Primero: los policías que levantaron a Cristian Trinidad, el 17 de julio de 2020, están libres. Trabajan como si nada y la investigación contra ellos no progresó a pesar de testimonios y contradicciones de los propios agentes. La Fiscalía los protegió hasta donde pudo y le salió bien.

Segundo: la Fiscalía ha revelado la manera en la que actúa cuando quiere que una persona no aparezca.

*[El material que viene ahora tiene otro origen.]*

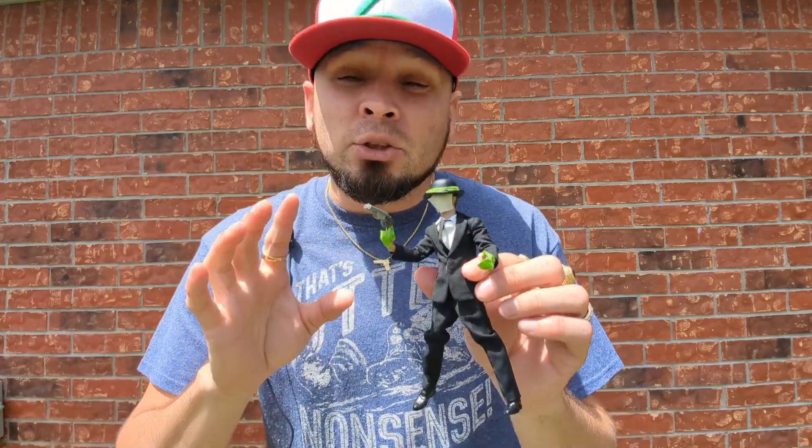If you got the other figures from the Penis Tracy line — I say that because I don't want to say the D word and get dinged for having foul language — if you do have the other figures from the Penis line, it's going to go right into that line for you.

También ha revelado que puede sacar cuerpos de la fosa común, meterlos a una caja, sellarla, amenazar con multas a los deudos para que no la abran y deshacerse de despojos que en realidad no tienen nombre, pero tampoco alguna fecha de rastreo, de ubicación y menos de descripción.


En 2018 la Comisión Nacional de Búsqueda denunció a la entonces entrante Cuarta Transformación que la entidad, es decir el gobierno de Alfredo del Mazo había perdido un tráiler repleto de cuerpos que se paseaba por las calles de Toluca debido a que no había espacio en las morgues.

¿Cuántos cuerpos había allí? Esa Comisión, que luego fue renovada, etcétera, señalaba que 300 era un número muy conservador. No es que el tráiler se hubiera desvanecido, es que bajaron los cadáveres y los colocaron en alguna parte, en alguna fosa común y eso no lo reportaron, por lo menos a esa Comisión. Los cuerpos, de personas sin identificar, se perdieron entonces y 300 familias no sabrán jamás lo que les pasó a sus familiares, que desaparecieron y murieron en diferentes circunstancias.

Tercero: la Fiscalía también ha dejado en claro que no es la primera vez que hace algo así, algo como lo que hizo con el cuerpo de Cristian Trinidad. Hay otros casos registrados en medios de comunicación y uno de ellos fue llevado a un libro de investigación, “La fosa de agua: Desapariciones y feminicidios en el río de los Remedios”, de la periodista Lydiette Carrión que se metió a Ecatepec para contar una de las miles de historias que configuran el horror cotidiano que se entreteje en el Estado de México como una madeja invisible en la que se encuentra involucrado el gobierno.

Cuarto: la Fiscalía, como una institución del Estado, como encargada de la procuración de justicia, es en sí misma un cártel que se rige con reglamentos no escritos pero que estructuran su funcionamiento. Esto, de acuerdo a cientos de testimonios que han dado afectados y que involucran a presos injustamente, a desaparecidos, ejecutados, afectados por secuestros y por el narco. La Fiscalía tiene un poder inmenso, que rebasa al de toda la sociedad porque tiene acceso a armas de fuego y sus elementos de campo reciben entrenamiento para usarlas.

Quinto: la renuncia del fiscal Alejandro Gómez, señalado hasta por subalternos de corrupción, no mejorará en nada la actuación de esa instancia, que debe refundarse desde el último cimiento. La corrupción en la Fiscalía es un fenómeno en el que se involucran otras instancias como el Poder Judicial, la Cámara de Diputados y el Poder Ejecutivo, es decir, la columna vertebral del Estado de México.

El caso de Cristian no es un asunto menor. La Fiscalía lo resolverá forzando la entrega de otro cuerpo, amenazando a la familia y dando todavía más largas.

Sexto: el acceso a la justicia en México tiene un costo. Nosotros, la gran mayoría, no tenemos para pagarlo.